R.C. 2151.26(E) states: "No child, either before or after reaching eighteen years of age, shall be prosecuted as an adult for an offense committed prior to becoming eighteen, unless the child has been transferred as provided in this section." This division makes it clear that R.C. 2151.26 constitutes the only method by which a juvenile court may relinquish its exclusive original jurisdiction concerning a delinquent child. Therefore, we hold that absent a proper bindover procedure pursuant to R.C. 2151.26, the juvenile court has the exclusive subject matter jurisdiction over any case concerning a child who is alleged to be a delinquent.

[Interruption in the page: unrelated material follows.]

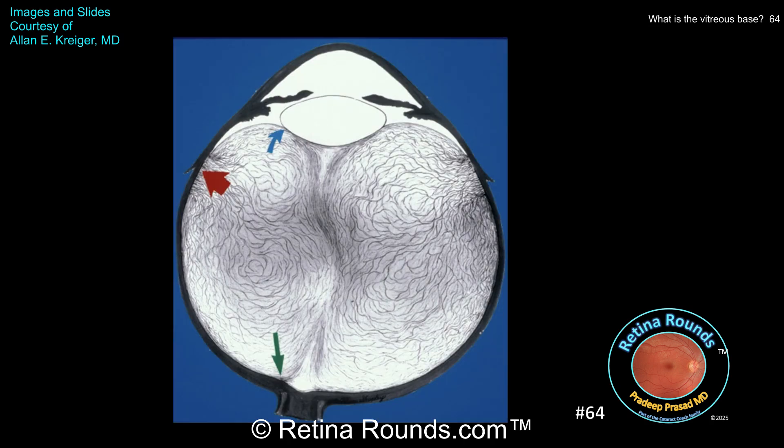The vitreous has numerous adhesion points and again is integrated with the underlying retina and pars plana epithelium at the vitreous base, shown by the red arrow. Tight adhesions are also present over the optic nerve — the green arrow — at the posterior lens capsule, the so-called Wieger ligament shown by the blue arrow, and over the macula and retinal vessels.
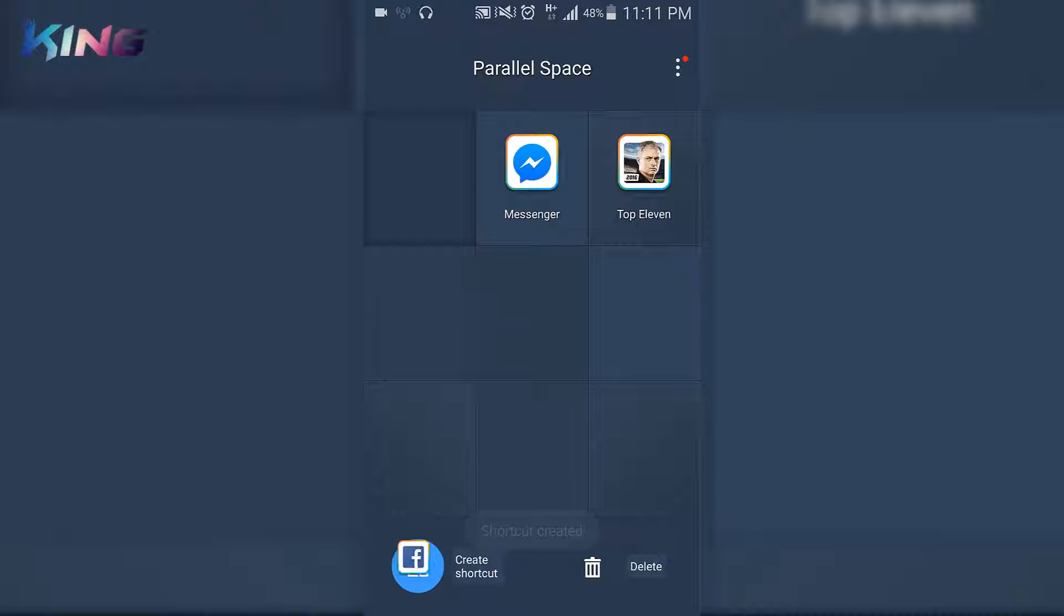So here are the two apps that you want to use. One is the original Facebook account, and one is the Facebook that is on the Parallel Space.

In the case before us, Wilson, a "child" at the time of his criminal activity, never even appeared before the juvenile court, apparently because the state and the court mistakenly believed that Wilson was eighteen years of age when he stole Becker's property. He appeared before and was convicted and sentenced by the general division of the court of common pleas without being bound over by the juvenile court. Therefore, Wilson was still subject to the exclusive special subject matter jurisdiction of the juvenile court, and the court of common pleas lacked subject matter jurisdiction to convict him.
Because the general division of the court of common pleas lacked subject matter jurisdiction to convict Wilson, the judgment of conviction against him was void ab initio. See Patton v. Diemer (1988), 35 Ohio St.3d 68, 518 N.E.2d 941, paragraph three of the syllabus; State v. Perry (1967), 10 Ohio St.2d 175, 39 O.O.2d 189, 226 N.E.2d 104, paragraph five of the syllabus. R.C. 2151.26(E) expressly addresses the specific issue presented in this case: " Any prosecution that is had in a criminal court on the mistaken belief that the child was eighteen years of age or older at the time of the commission of the offense shall be deemed a nullity, and the child shall not be considered to have been in jeopardy on the offense." (Emphasis added.)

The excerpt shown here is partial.